:: What to produce ::
Only the lines below from the one with "How to use one" through the one with "Once you have" are to be written out, exactly and without any images.
Data to process: Begin
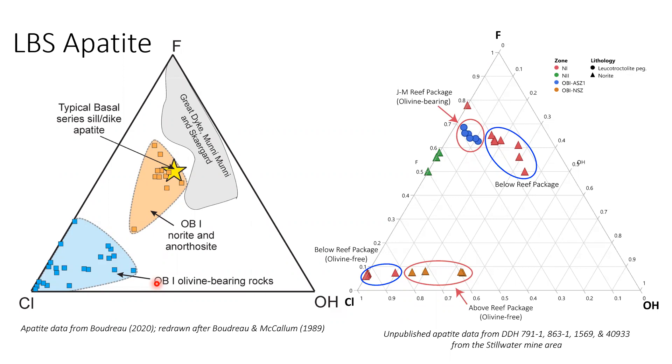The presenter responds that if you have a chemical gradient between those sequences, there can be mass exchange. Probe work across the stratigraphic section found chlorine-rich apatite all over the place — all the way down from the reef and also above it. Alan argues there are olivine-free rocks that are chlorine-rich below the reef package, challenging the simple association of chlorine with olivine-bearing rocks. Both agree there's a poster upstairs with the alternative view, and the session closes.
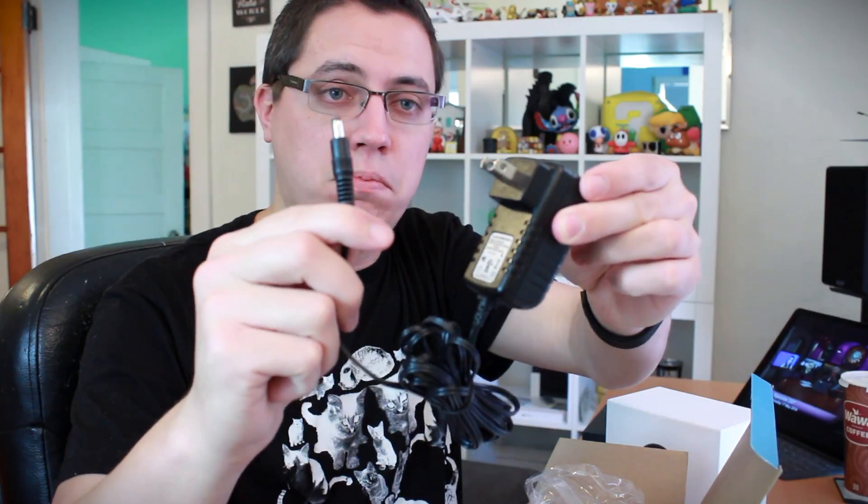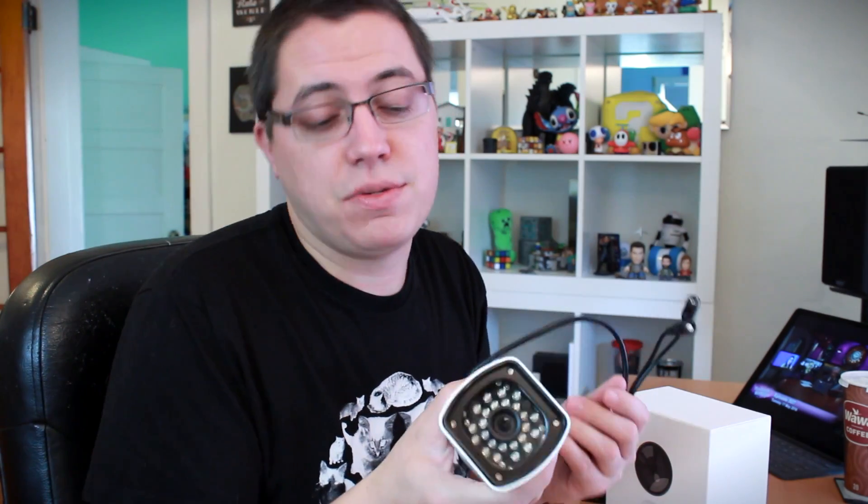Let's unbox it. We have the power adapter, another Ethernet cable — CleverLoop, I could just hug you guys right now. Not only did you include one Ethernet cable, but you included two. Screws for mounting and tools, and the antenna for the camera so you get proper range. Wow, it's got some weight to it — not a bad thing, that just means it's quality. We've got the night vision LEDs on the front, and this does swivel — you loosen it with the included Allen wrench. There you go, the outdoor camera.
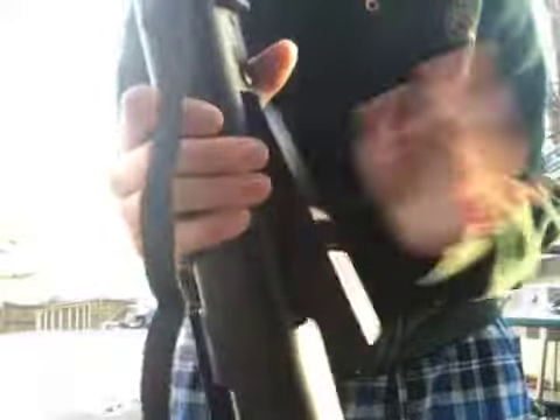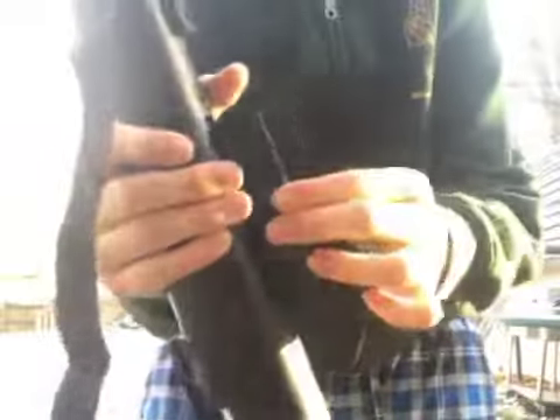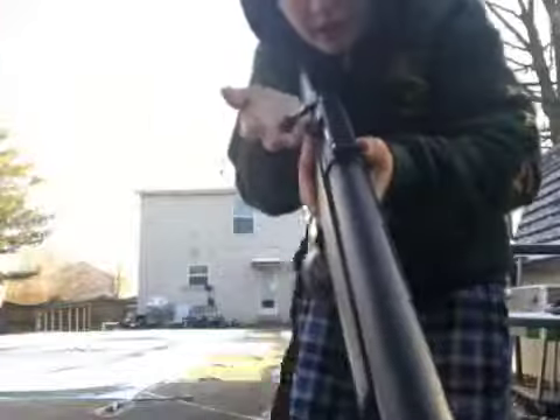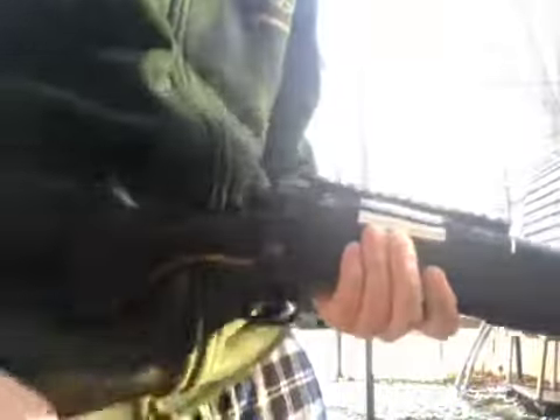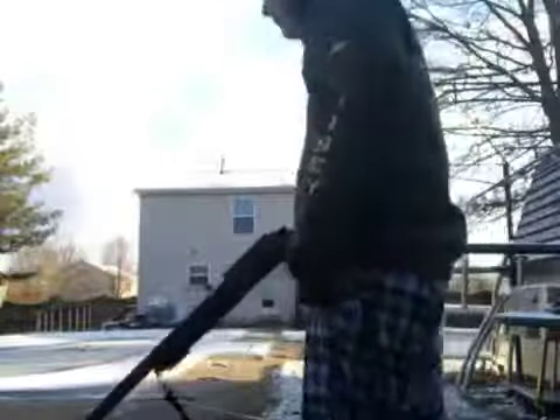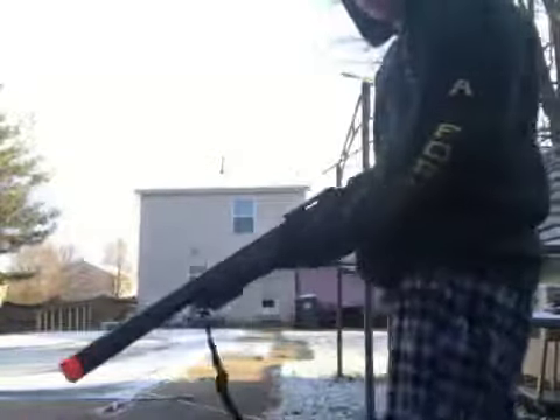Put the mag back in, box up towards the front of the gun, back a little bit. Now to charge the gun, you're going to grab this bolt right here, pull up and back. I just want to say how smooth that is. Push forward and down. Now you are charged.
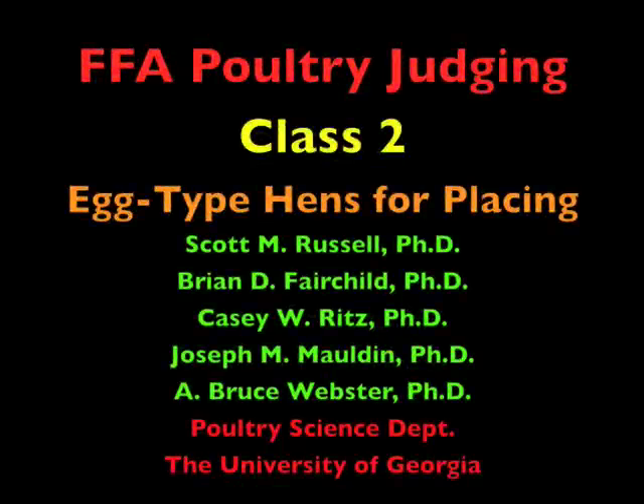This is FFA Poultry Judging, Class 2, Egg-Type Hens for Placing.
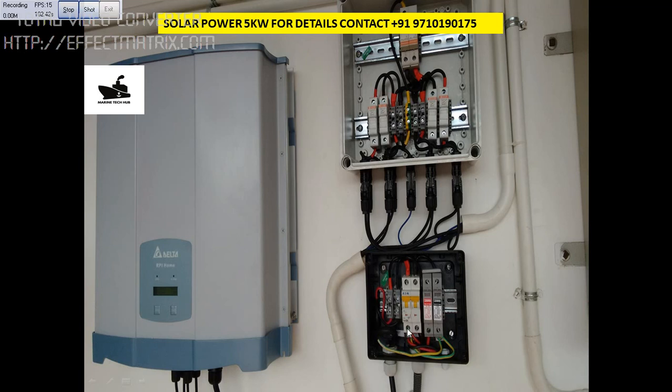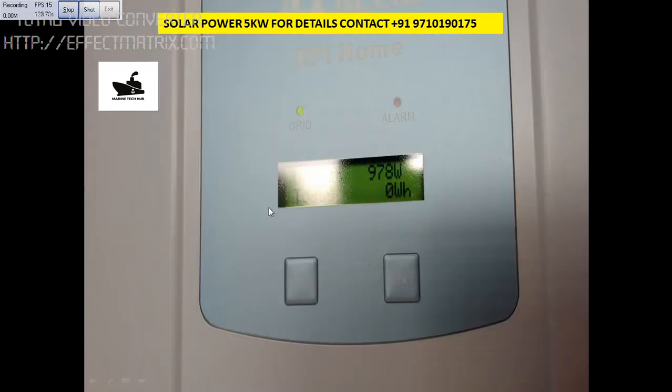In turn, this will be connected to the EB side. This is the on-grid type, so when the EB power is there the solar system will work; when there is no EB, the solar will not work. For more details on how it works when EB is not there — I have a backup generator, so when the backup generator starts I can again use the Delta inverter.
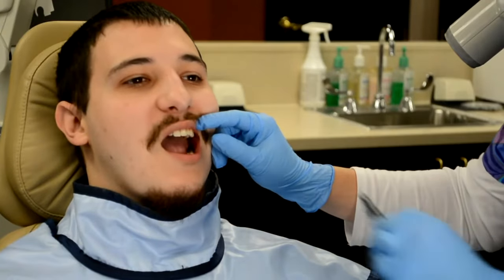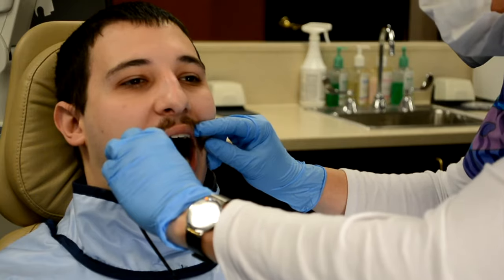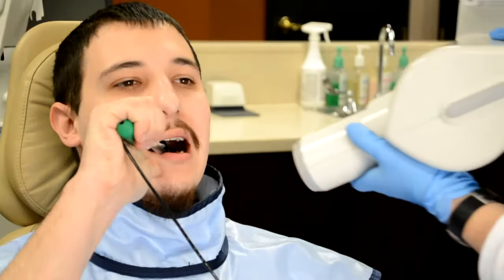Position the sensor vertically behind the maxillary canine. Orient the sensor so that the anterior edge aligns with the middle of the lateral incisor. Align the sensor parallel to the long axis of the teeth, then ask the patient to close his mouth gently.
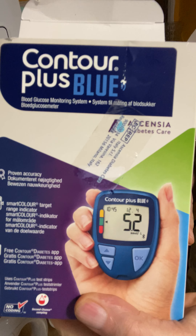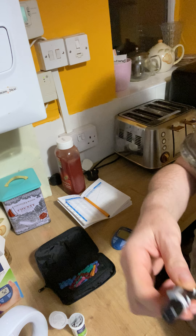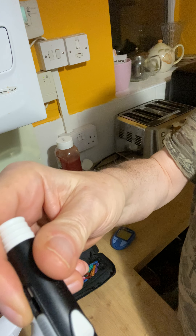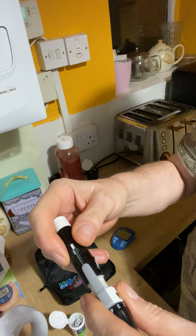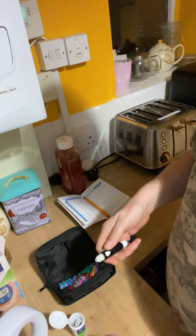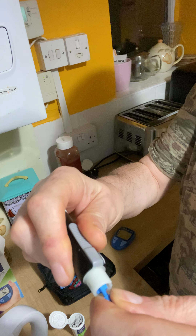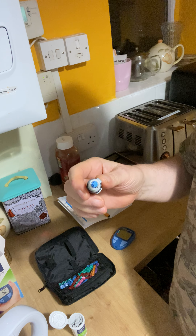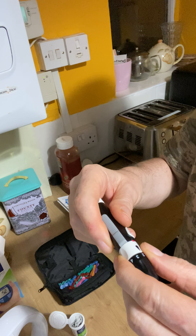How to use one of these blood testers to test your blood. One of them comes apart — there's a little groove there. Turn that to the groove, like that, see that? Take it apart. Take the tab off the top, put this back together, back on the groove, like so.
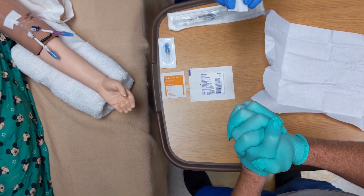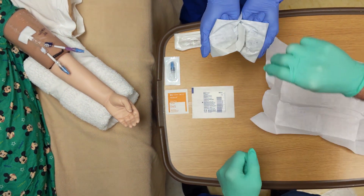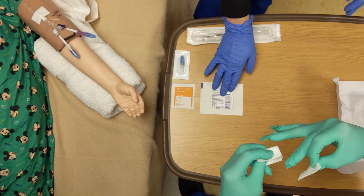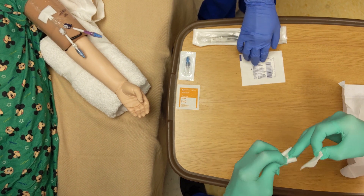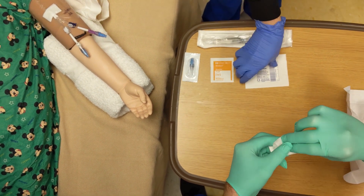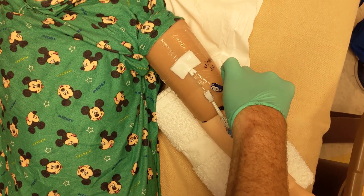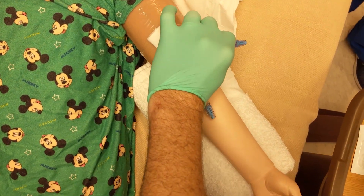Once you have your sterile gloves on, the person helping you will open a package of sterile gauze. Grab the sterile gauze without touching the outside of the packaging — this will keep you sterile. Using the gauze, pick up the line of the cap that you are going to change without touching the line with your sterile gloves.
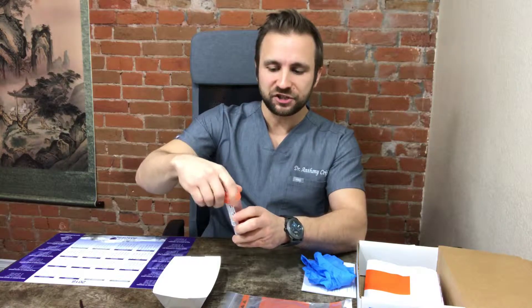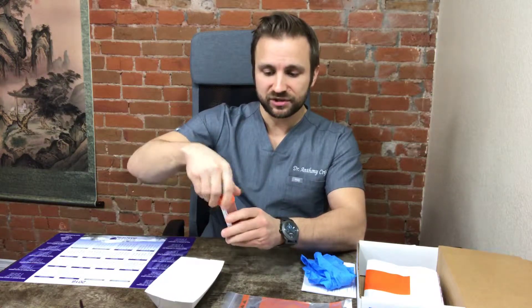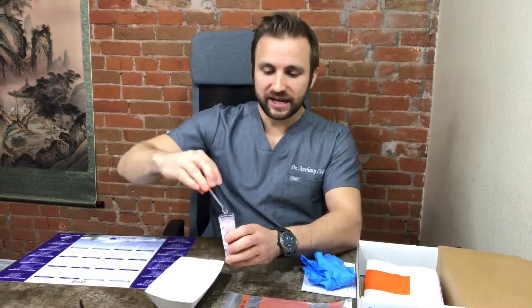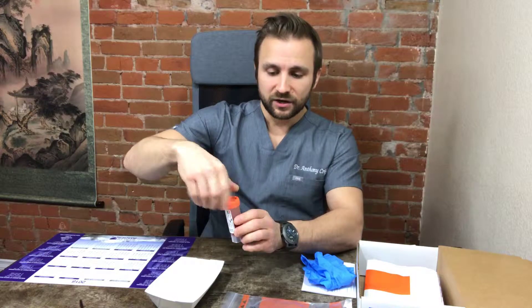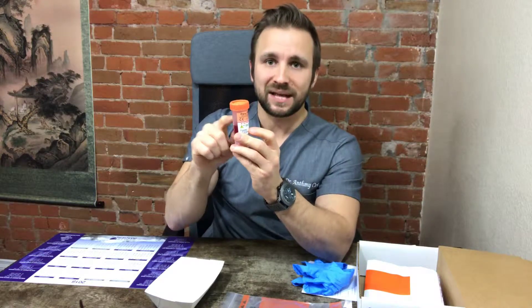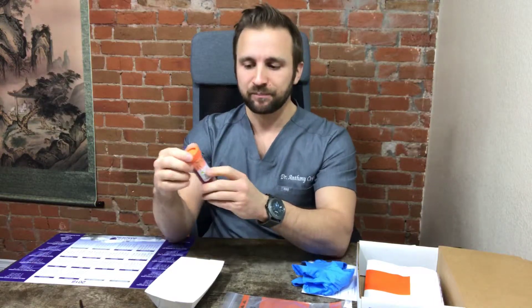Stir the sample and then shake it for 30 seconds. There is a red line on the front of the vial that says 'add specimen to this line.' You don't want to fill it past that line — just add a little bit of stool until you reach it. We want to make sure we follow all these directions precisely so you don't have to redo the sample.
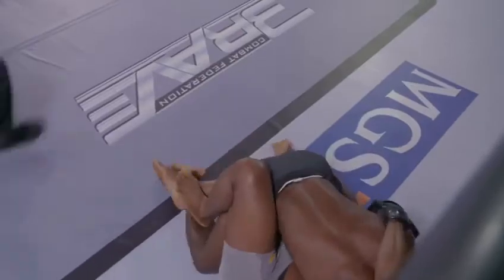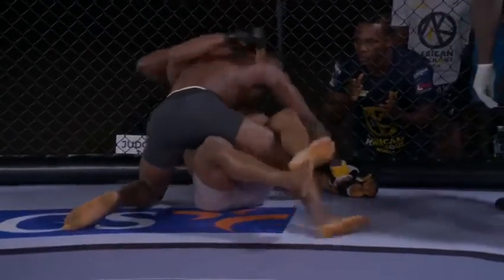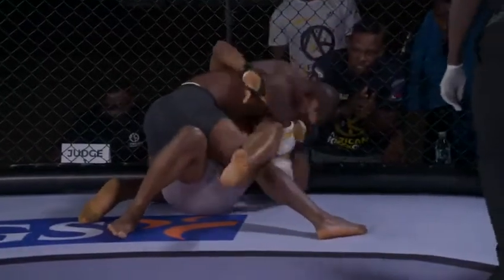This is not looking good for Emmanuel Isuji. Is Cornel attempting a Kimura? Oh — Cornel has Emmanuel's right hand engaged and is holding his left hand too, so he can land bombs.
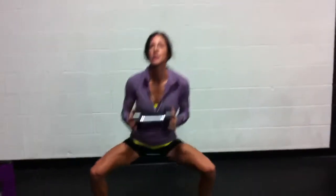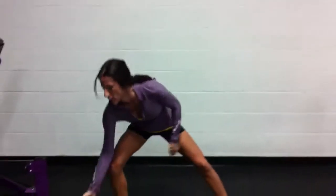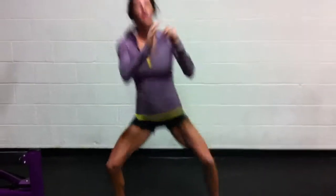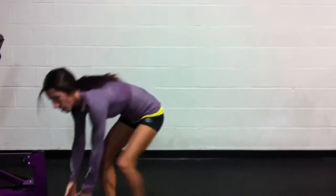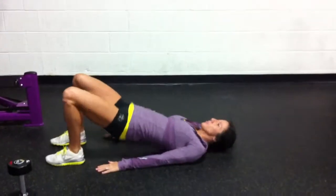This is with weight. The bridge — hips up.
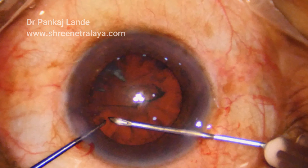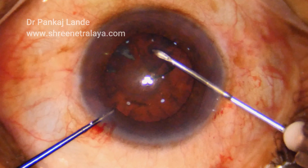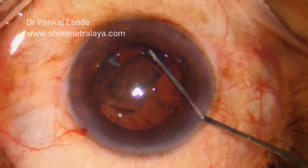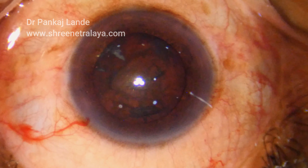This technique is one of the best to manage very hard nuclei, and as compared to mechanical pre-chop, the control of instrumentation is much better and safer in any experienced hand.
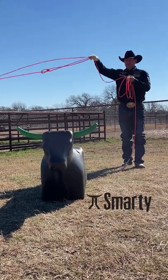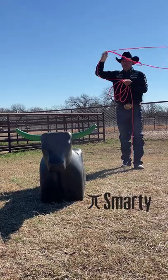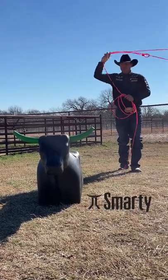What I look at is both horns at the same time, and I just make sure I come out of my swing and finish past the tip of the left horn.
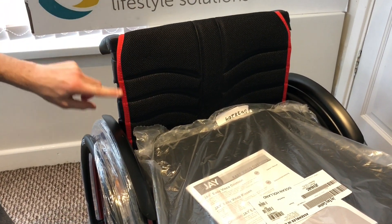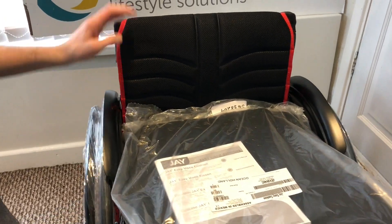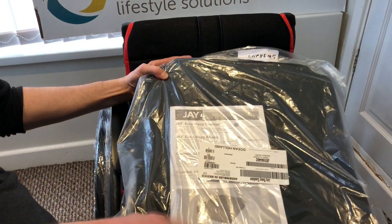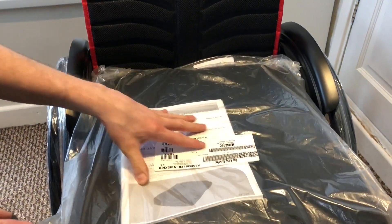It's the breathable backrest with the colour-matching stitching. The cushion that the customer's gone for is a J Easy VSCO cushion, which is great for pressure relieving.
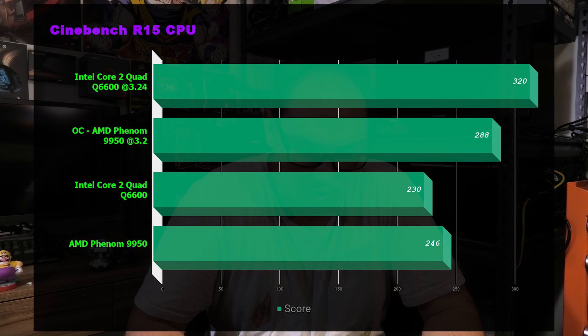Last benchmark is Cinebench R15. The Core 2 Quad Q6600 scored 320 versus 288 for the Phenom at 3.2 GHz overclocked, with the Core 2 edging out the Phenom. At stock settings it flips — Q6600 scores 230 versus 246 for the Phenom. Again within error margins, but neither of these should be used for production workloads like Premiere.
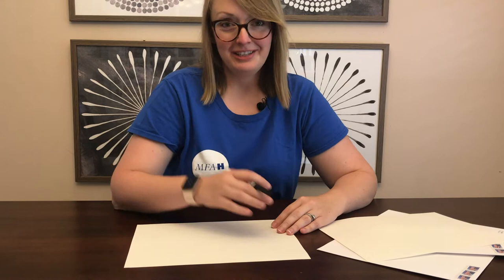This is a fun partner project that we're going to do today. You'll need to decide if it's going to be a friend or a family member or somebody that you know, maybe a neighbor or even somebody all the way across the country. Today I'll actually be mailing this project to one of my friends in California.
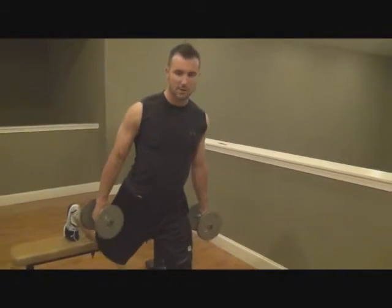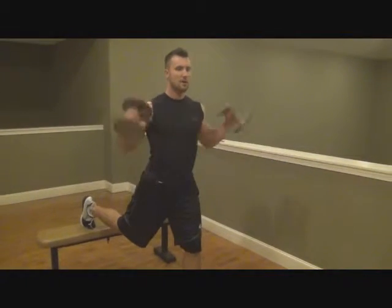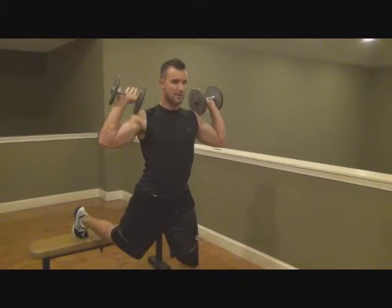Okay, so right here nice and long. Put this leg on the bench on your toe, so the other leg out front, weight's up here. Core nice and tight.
Data to process: End
:: Exercise result ::
How to use one of these blood testers to test your blood. One of them comes apart — there's a little groove there. Turn that to the groove, like that, see that? Take it apart. Take the tab off the top, put this back together, back on the groove, like so.
Once you have your sterile gloves on, the person helping you will open a package of sterile gauze. Grab the sterile gauze without touching the outside of the packaging — this will keep you sterile. Using the gauze, pick up the line of the cap that you are going to change without touching the line with your sterile gloves.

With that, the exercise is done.